[[ Data supplied open ]]
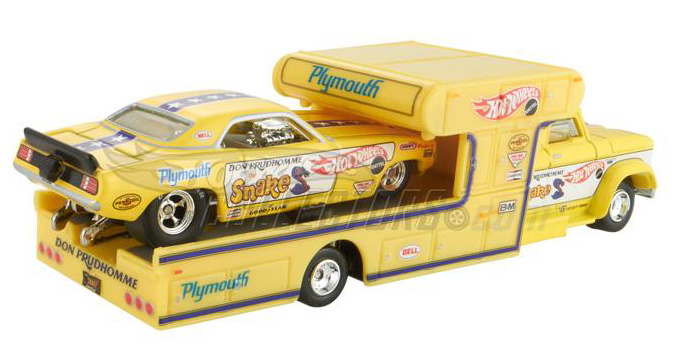 画像: PRE-ORDER RLC EXCLUSVE DON “THE SNAKE” PRUDHOMME 2Car Set 【Plymouth ’Cuda Funny Car / ’67 Dodge D700 Hauler】 YELLOW/RR 予価5980円　(入荷日未定）5000セット限定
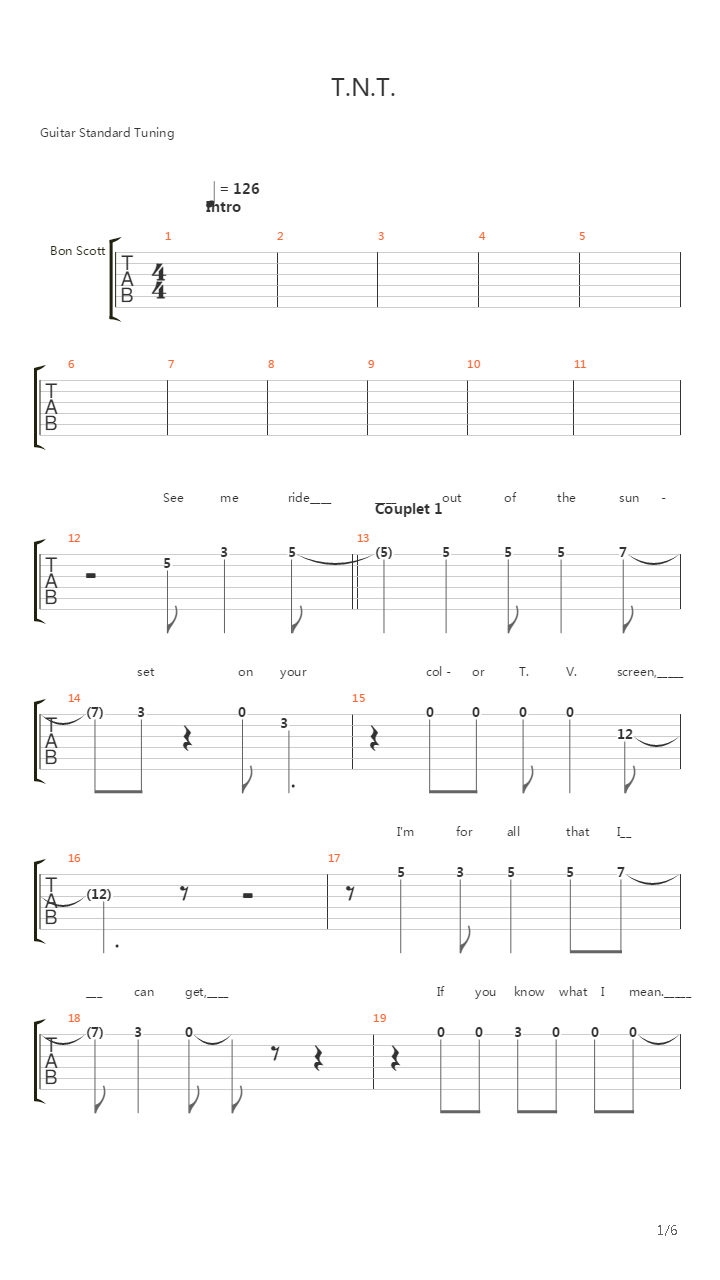 Tnt吉他谱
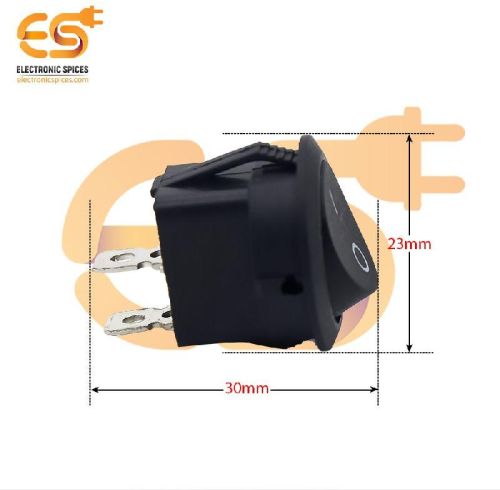 KCD1 T125 6A 250V AC Round Black Color 2 Pins SPST Small Plastic Rocker Switches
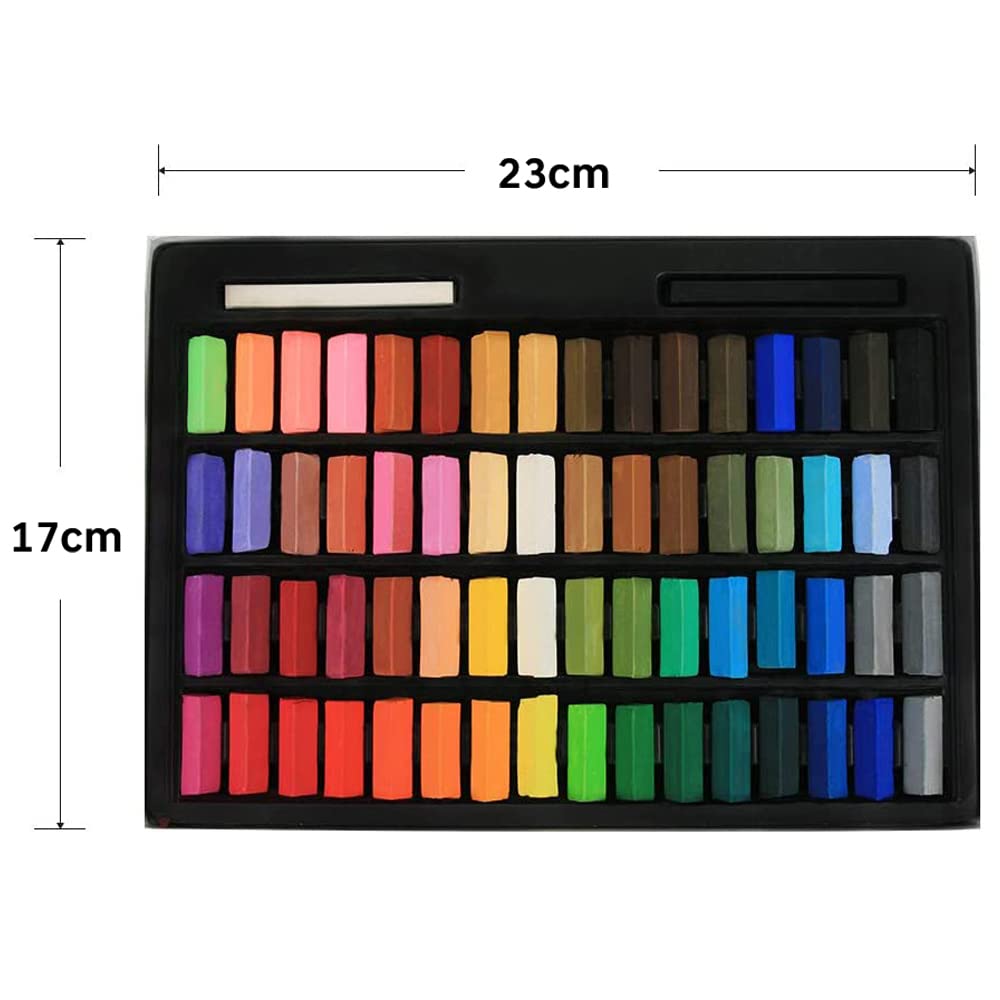 VIOLETTO Soft Pastel Set 64 Colors Professional Children's Art Supplies Non-Toxic Chalk Short Pastels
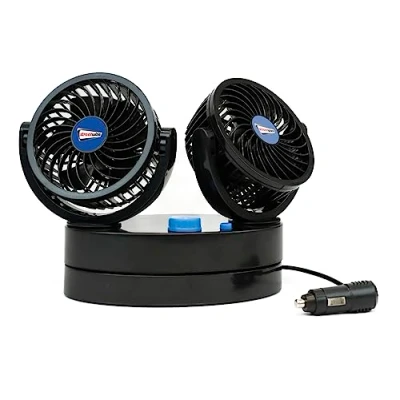 Image of Streetwize Portable Twin Cyclone Oscillating 12v Car Fan Dual Speed with On/Off Button 360 Degree Ideal For: Cars, Van, 4x4&#039;s, Caravans and Motorhome&#039;s SWCF5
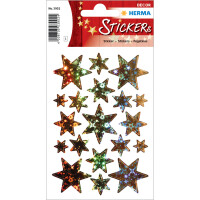 HERMA Weihnachts-Sticker DECOR "Sterne", gold, Holographie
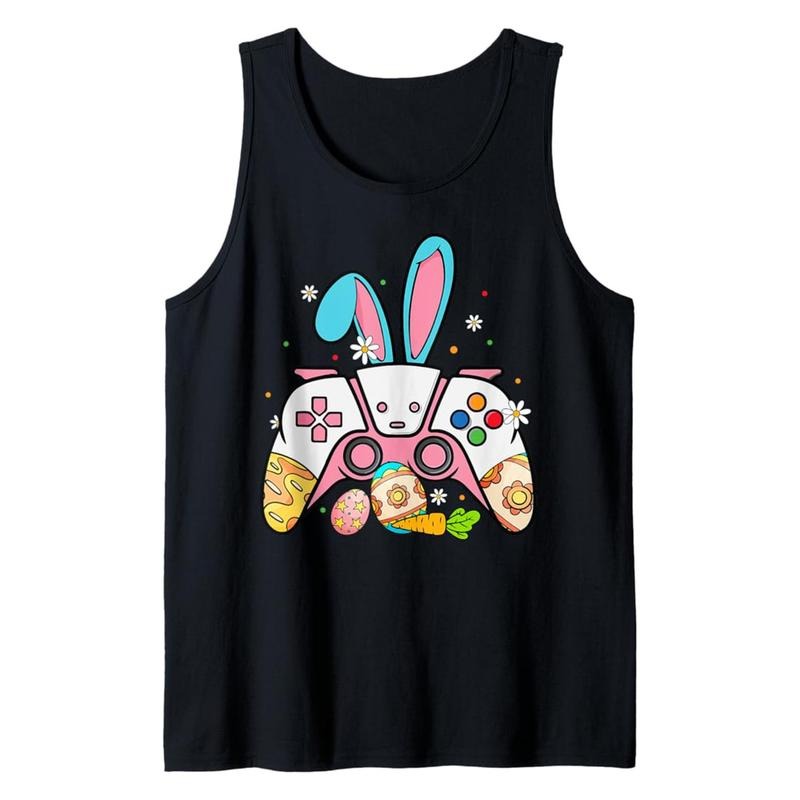 Men'S 100% Cotton Comfy Sleeveless With Happy Easter Print Tank Top, Casual Round T-shirt for Summer, Graphic Tank Top...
[[ Data supplied closed ]]
Every word of the material, and none of its pictures, should be set down again.

Written answer:
 画像: PRE-ORDER RLC EXCLUSVE DON “THE SNAKE” PRUDHOMME 2Car Set 【Plymouth ’Cuda Funny Car / ’67 Dodge D700 Hauler】 YELLOW/RR 予価5980円　(入荷日未定）5000セット限定
 Tnt吉他谱
 KCD1 T125 6A 250V AC Round Black Color 2 Pins SPST Small Plastic Rocker Switches
 VIOLETTO Soft Pastel Set 64 Colors Professional Children's Art Supplies Non-Toxic Chalk Short Pastels
 Image of Streetwize Portable Twin Cyclone Oscillating 12v Car Fan Dual Speed with On/Off Button 360 Degree Ideal For: Cars, Van, 4x4&#039;s, Caravans and Motorhome&#039;s SWCF5
 HERMA Weihnachts-Sticker DECOR "Sterne", gold, Holographie
 Men'S 100% Cotton Comfy Sleeveless With Happy Easter Print Tank Top, Casual Round T-shirt for Summer, Graphic Tank Top...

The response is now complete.